> _EXERCISE_
Once the images are set aside, print the remaining lines below exactly.

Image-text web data
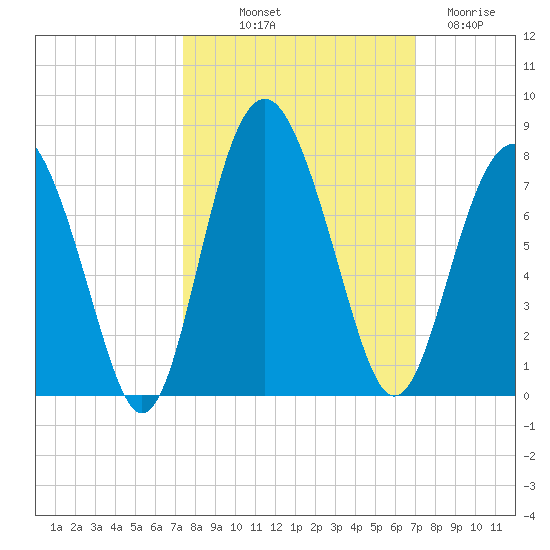 Eagle Neck South tide chart for Thursday, October 9, 2025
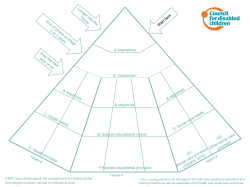 outcomes pyramid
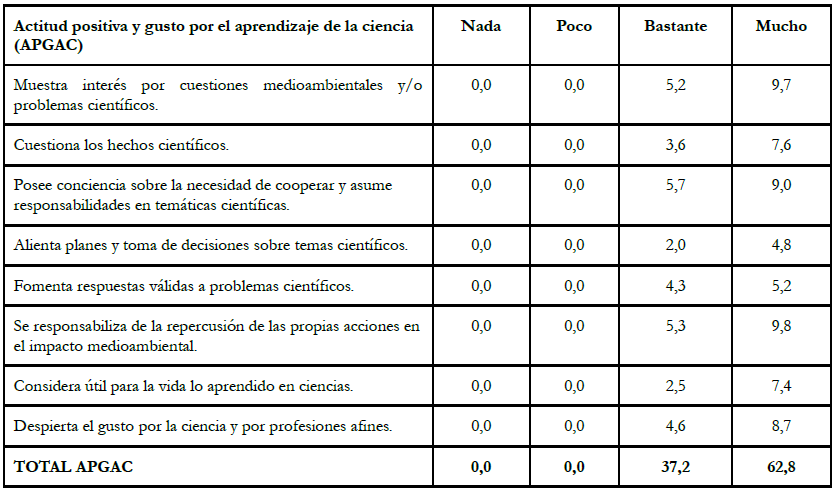 Percepción docente sobre el cambio suscitado en las competencias del alumnado
relativas a la actitud y gusto por el aprendizaje de la ciencia, concluido el
proyecto. Elaboración propia.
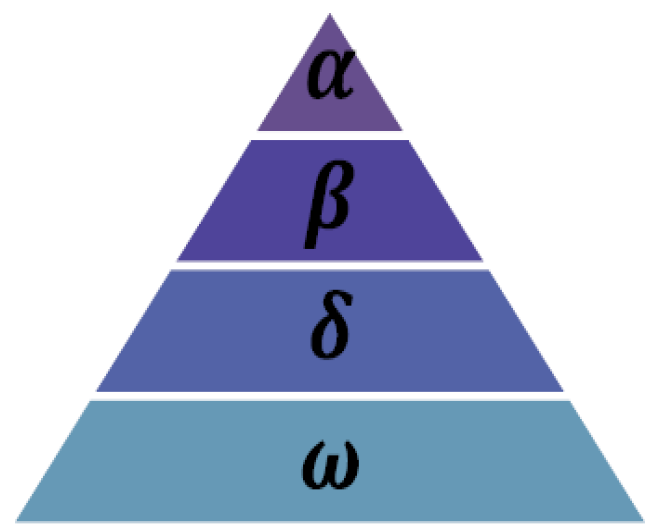 Energies 15 08754 g007 Energies 15 08754 g007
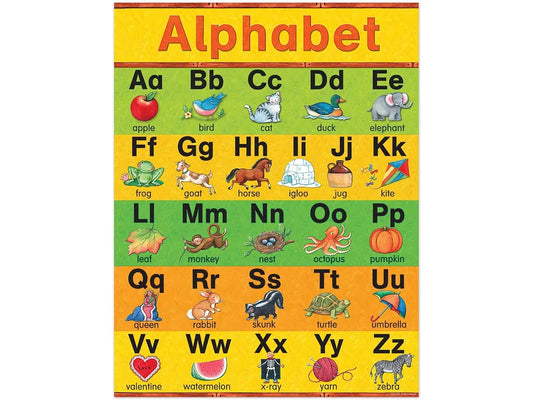 Learn the Alphabet Poster - US 4829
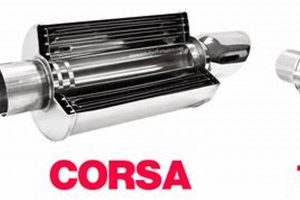 Enhance Your Ride: Corsa Bullet Muffler Performance Boost! | Best Mufflers for Cars & Trucks | Performance, Sound & Durability Upgrades
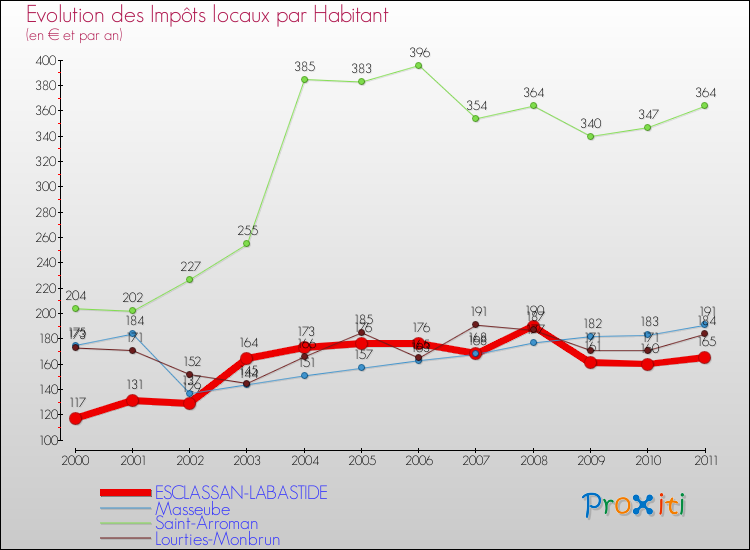 Evolution et montant des impôts locaux par Habitant pour ESCLASSAN-LABASTIDE et les communes proches Comparaison des impôts locaux par habitant pour ESCLASSAN-LABASTIDE et les communes voisines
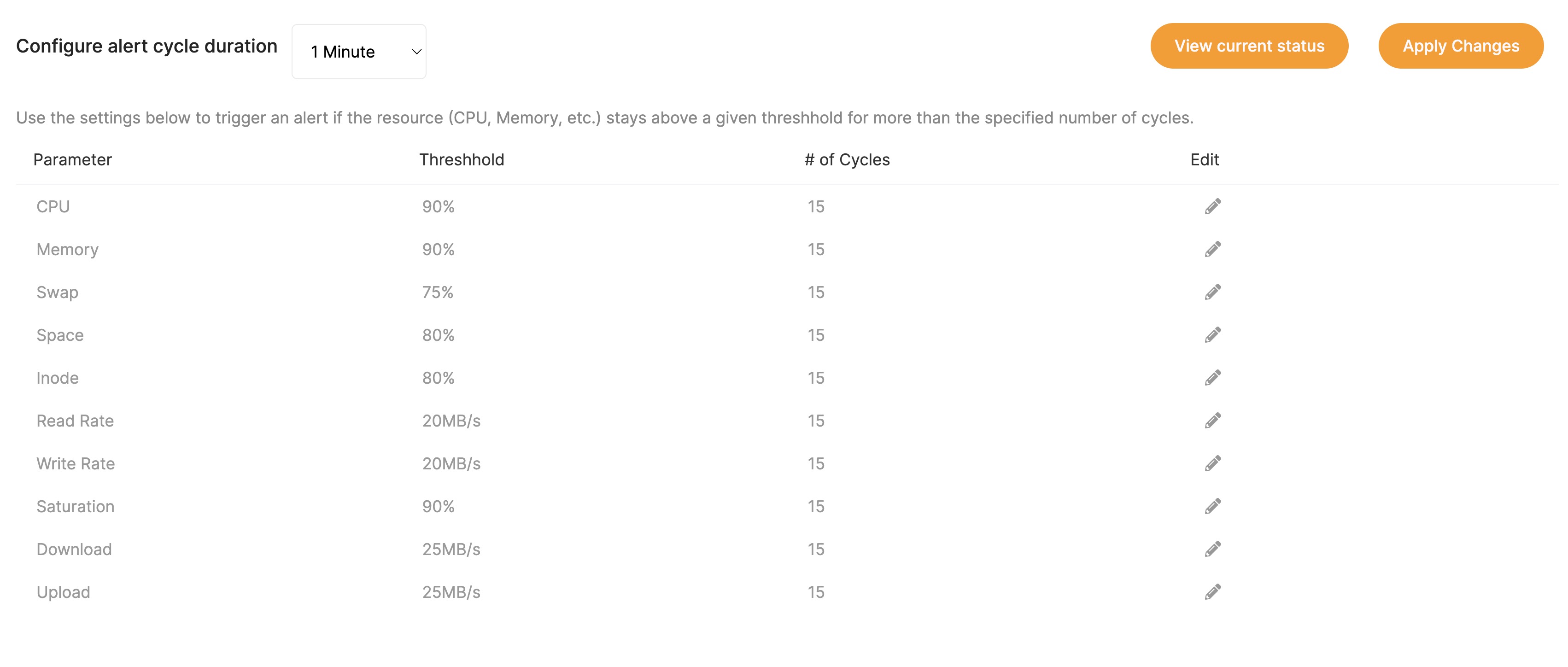 Setting up alerts on Superset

> _TASK OUTPUT_
 Eagle Neck South tide chart for Thursday, October 9, 2025
 outcomes pyramid
 Percepción docente sobre el cambio suscitado en las competencias del alumnado
relativas a la actitud y gusto por el aprendizaje de la ciencia, concluido el
proyecto. Elaboración propia.
 Energies 15 08754 g007 Energies 15 08754 g007
 Learn the Alphabet Poster - US 4829
 Enhance Your Ride: Corsa Bullet Muffler Performance Boost! | Best Mufflers for Cars & Trucks | Performance, Sound & Durability Upgrades
 Evolution et montant des impôts locaux par Habitant pour ESCLASSAN-LABASTIDE et les communes proches Comparaison des impôts locaux par habitant pour ESCLASSAN-LABASTIDE et les communes voisines
 Setting up alerts on Superset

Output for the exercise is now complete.